# Material provided
--------------------------------------------------

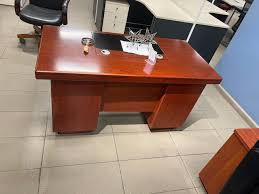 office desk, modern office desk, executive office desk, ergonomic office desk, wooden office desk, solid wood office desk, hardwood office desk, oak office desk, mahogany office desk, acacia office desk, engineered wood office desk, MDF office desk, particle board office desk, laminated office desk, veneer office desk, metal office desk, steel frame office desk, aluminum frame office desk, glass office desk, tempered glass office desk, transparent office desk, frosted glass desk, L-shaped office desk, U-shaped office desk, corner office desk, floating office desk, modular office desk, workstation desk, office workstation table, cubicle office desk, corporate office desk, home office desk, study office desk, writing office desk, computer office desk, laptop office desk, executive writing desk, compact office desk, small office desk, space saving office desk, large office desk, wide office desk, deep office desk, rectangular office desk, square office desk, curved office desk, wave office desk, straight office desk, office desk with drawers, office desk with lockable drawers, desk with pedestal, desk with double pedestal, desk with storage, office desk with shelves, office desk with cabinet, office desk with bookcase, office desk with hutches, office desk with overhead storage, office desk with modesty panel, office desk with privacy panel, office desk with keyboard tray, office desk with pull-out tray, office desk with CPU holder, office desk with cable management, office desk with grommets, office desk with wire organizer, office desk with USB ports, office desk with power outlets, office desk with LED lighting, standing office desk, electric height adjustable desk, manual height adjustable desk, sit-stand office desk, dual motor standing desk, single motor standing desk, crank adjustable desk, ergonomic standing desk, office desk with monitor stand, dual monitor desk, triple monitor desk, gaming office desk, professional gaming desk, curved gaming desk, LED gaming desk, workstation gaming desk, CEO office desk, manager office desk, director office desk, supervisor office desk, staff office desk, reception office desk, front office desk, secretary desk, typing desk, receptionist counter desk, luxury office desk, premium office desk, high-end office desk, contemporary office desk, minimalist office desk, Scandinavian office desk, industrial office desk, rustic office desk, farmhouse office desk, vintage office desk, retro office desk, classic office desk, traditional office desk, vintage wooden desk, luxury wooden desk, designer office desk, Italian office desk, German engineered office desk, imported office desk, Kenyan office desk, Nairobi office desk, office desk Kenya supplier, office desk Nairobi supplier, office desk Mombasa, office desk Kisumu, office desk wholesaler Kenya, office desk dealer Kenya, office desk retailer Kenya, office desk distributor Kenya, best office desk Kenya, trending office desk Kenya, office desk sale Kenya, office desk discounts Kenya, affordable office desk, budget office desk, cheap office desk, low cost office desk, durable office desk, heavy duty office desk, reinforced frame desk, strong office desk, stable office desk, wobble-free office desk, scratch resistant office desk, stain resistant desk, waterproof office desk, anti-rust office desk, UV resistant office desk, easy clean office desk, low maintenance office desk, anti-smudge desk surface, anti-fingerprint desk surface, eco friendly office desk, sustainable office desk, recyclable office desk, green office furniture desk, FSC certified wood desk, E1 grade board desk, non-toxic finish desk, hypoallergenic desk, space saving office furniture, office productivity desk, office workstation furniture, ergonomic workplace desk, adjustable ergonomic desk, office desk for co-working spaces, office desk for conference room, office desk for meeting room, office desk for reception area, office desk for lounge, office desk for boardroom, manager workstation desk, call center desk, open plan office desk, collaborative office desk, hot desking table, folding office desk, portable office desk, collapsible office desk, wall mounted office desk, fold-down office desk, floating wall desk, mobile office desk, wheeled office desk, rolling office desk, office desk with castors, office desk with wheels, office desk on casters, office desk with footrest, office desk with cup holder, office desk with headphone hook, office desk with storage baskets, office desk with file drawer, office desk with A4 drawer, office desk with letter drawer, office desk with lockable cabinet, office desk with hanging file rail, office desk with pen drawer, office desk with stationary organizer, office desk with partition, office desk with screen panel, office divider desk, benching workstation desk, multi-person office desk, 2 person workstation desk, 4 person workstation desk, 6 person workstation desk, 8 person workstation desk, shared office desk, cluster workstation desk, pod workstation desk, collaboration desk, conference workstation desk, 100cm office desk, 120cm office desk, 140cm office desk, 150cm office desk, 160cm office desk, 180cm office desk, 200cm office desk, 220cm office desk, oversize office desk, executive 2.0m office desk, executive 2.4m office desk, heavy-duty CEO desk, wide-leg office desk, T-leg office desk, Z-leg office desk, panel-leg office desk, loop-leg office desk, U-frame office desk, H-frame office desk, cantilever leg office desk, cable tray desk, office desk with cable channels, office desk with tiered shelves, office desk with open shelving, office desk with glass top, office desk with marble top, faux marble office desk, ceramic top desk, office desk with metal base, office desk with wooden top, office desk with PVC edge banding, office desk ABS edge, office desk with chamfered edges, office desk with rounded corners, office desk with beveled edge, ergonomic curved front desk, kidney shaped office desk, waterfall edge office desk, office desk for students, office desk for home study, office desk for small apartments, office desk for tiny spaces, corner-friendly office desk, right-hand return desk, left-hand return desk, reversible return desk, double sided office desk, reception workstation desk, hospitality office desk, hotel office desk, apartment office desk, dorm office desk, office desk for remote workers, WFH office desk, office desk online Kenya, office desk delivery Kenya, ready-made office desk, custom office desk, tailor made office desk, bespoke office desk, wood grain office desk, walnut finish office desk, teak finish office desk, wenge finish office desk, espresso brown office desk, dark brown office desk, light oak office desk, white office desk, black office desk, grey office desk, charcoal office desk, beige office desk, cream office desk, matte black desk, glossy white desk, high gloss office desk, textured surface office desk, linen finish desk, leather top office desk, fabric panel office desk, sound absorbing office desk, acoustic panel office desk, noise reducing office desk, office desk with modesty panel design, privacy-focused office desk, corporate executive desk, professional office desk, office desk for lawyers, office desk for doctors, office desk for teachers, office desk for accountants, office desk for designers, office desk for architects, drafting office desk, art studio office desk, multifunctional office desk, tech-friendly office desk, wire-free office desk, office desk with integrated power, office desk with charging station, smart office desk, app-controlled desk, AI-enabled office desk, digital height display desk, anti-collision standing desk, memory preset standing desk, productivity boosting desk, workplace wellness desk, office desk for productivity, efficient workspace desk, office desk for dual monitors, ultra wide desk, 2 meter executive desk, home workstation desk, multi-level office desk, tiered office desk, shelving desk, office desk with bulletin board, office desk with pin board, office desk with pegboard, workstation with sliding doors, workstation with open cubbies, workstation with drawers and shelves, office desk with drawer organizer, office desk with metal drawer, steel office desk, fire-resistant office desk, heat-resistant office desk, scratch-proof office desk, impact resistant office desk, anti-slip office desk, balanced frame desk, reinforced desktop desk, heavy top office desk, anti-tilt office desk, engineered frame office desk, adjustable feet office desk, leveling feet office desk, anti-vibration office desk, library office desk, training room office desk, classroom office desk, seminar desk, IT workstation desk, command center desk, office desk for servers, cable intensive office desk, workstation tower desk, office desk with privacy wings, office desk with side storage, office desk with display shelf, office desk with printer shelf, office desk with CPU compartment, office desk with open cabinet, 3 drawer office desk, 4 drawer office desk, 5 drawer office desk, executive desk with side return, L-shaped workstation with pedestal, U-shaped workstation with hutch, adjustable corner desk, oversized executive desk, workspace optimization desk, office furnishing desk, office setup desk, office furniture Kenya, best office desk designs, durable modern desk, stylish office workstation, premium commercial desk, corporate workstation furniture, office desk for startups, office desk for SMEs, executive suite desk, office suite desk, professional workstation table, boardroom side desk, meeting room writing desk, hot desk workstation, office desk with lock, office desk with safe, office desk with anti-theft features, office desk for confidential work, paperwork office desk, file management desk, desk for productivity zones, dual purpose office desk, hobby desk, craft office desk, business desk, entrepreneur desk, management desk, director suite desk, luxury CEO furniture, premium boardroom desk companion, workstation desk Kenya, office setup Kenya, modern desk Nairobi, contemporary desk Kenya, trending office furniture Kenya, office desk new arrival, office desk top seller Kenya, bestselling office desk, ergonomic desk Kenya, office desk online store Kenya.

--------------------------------------------------

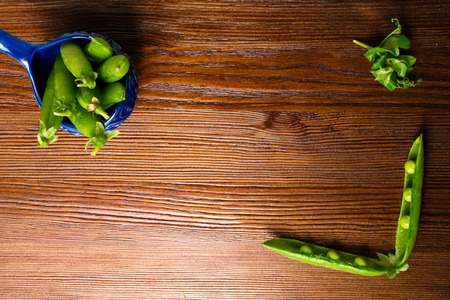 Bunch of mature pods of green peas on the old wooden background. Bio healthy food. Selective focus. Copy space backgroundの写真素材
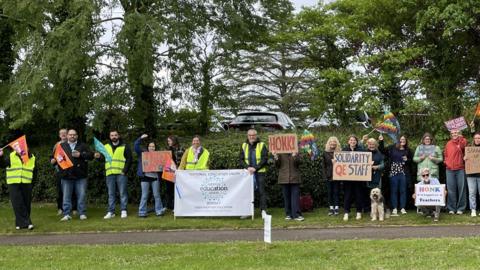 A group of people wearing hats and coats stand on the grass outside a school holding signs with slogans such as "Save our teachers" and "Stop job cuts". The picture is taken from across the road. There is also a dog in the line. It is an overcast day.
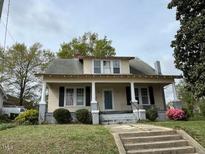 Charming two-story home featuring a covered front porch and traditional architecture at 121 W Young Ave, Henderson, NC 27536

--------------------------------------------------

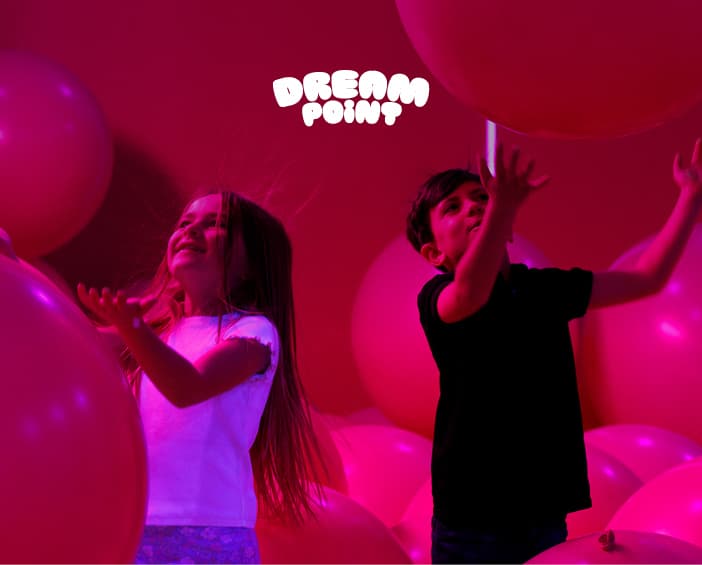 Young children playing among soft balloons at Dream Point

--------------------------------------------------

# What is required
Given the entries above, transcribe exactly the lines from the one holding "Bunch of mature" through the one holding "Charming two-story home"; pictures do not belong in the transcription.

# Response area
 Bunch of mature pods of green peas on the old wooden background. Bio healthy food. Selective focus. Copy space backgroundの写真素材
 A group of people wearing hats and coats stand on the grass outside a school holding signs with slogans such as "Save our teachers" and "Stop job cuts". The picture is taken from across the road. There is also a dog in the line. It is an overcast day.
 Charming two-story home featuring a covered front porch and traditional architecture at 121 W Young Ave, Henderson, NC 27536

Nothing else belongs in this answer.